With the US average of gas prices headed back for $4 per gallon after OPEC's production cut, both the Biden administration and high-ranking Democratic members of Congress suddenly, finally has a real appetite for cutting the Kingdom loose with potential significant effect.
President Biden is re-evaluating the relationship with Saudi Arabia after it teamed up with Russia to cut oil production in a move that bolstered President Vladimir V. Putin’s government and could raise American gasoline prices just before midterm elections, a White House official said on Tuesday.
“I think the president’s been very clear that this is a relationship that we need to continue to re-evaluate, that we need to be willing to revisit,” the official, John F. Kirby, the strategic communications coordinator for the National Security Council at the White House, said on CNN. “And certainly in light of the OPEC decision, I think that’s where he is.”

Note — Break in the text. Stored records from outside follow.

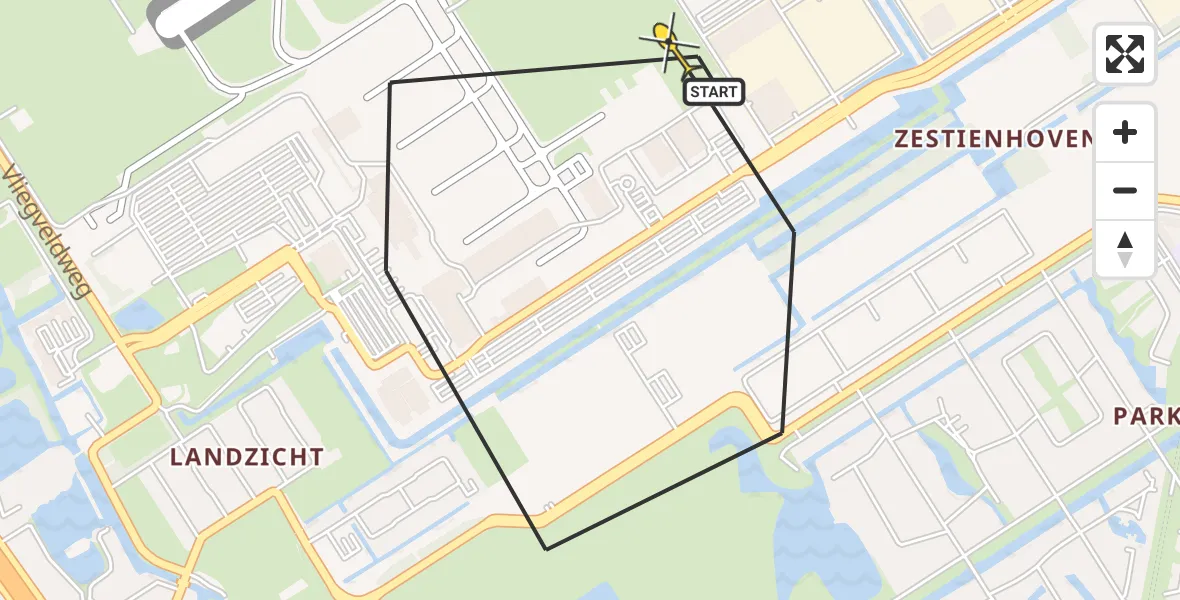 Routekaart van de vlucht: Lifeliner 2 naar Rotterdam The Hague Airport, Pilotenpad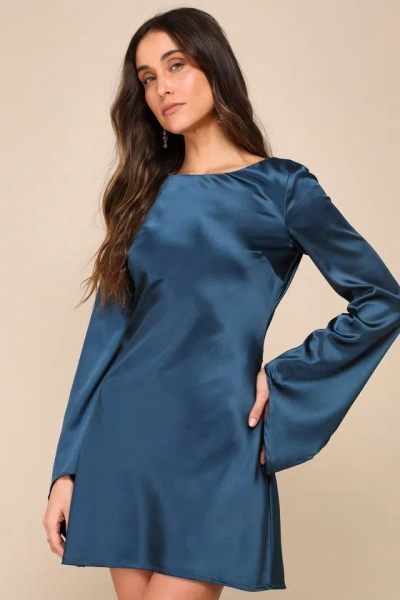 Lulus Sincerely Sleek Dark Blue Satin Cowl Back Slip Mini Dress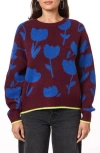 Scotch & Soda Crewneck Pullover Sweater In Burgundy Tulip Intarsia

Mr. Kirby signaled openness to retaliatory measures proposed by Democratic congressional leaders outraged by the oil production cut announced last week by the international cartel known as OPEC Plus. Among other things, leading Democrats have proposed curbing American security cooperation with Saudi Arabia, including arms sales, and stripping OPEC members of their legal immunity so they can be sued for violations of American antitrust laws.

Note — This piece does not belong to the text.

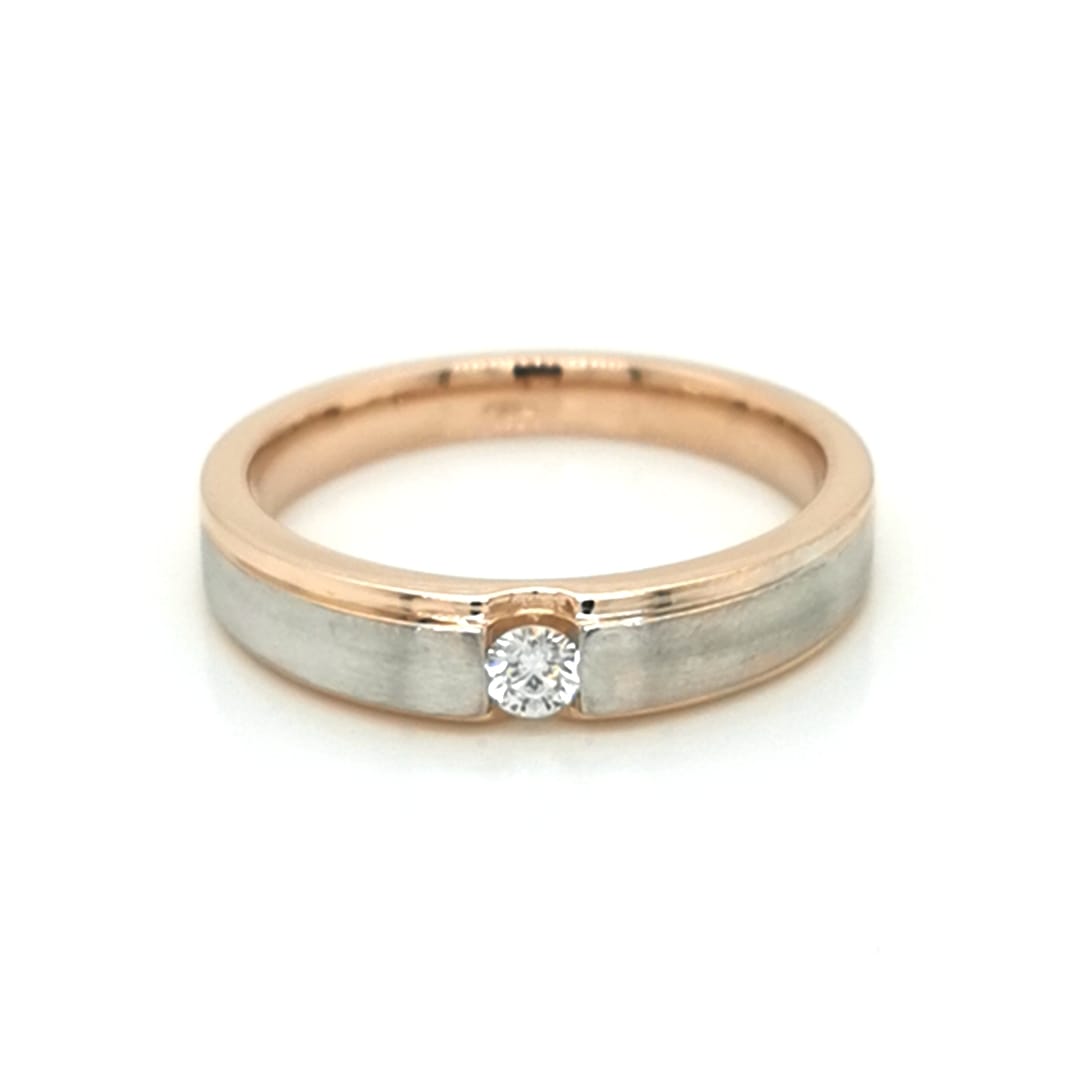 Men's Solitaire Diamond Ring In Two Tone 18k Gold.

“The president’s obviously disappointed by the OPEC decision and is going to be willing to work with Congress as we think about what the right relationship with Saudi Arabia needs to be going forward,” Mr. Kirby said. He sounded a note of urgency. “The timeline’s now and I think he’s going to be willing to start to have those conversations right away,” he said. “I don’t think this is anything that’s going to have to wait or should wait quite frankly for much longer.”

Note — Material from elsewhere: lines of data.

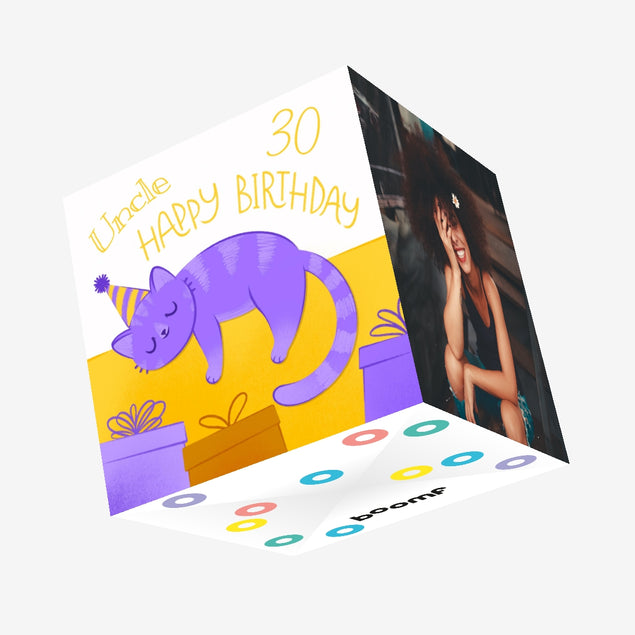 30th Birthday Purple Cat Uncle Confetti-exploding Greetings Card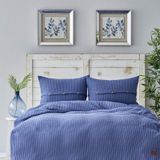 Karaca Home Coline Triko Indigo 200x220 cm Çift Kişilik Yatak Örtüsü Seti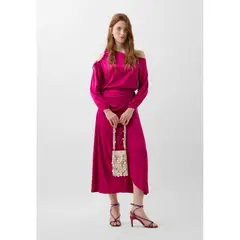 SCALPERS - FALDA MIDI PAREO SATINADA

The comments came just a day after Senator Bob Menendez, Democrat of New Jersey and chairman of the Senate Foreign Relations Committee, assailed Saudi Arabia for effectively backing Russia in its brutal invasion of Ukraine and called for an immediate freeze on “all aspects of our cooperation with Saudi Arabia,” vowing to use his power to block any future arms sales.
“There simply is no room to play both sides of this conflict — either you support the rest of the free world in trying to stop a war criminal from violently wiping off an entire country off of the map, or you support him,” Mr. Menendez said. “The Kingdom of Saudi Arabia chose the latter in a terrible decision driven by economic self-interest.”
Senator Dick Durbin of Illinois, the second-ranking Democrat in the Senate, said on Tuesday morning that Saudi Arabia clearly wanted Russia to win the war in Ukraine. “Let’s be very candid about this,” he said on CNN. “It’s Putin and Saudi Arabia against the United States.
If long-time Democratic foreign policy hands like Menendez and Durbin, and eve Biden himself, are tossing Prince Bonesaw McGraw and his merry band of sheiks out of the tent, this is real. The question is how much damage Riyadh has done. It might be the first time I can remember where US foreign policy is about to take major steps back on Saudi Arabia.
Biden can't push them too far though. If Riyadh decides to start pricing oil in rubles instead of greenback, the dollar craters and everyone now it. They've subtly mentioned this earlier this year, not exactly correcting Russian Foreign Minister Sergei Lavrov when he said that the Saudis were invited to join the BRICS compact. Such a move really would be siding with Putin against the US.
We'll see, but the OPEC production cut is going to have consequences, and so will the US and European actions that follow.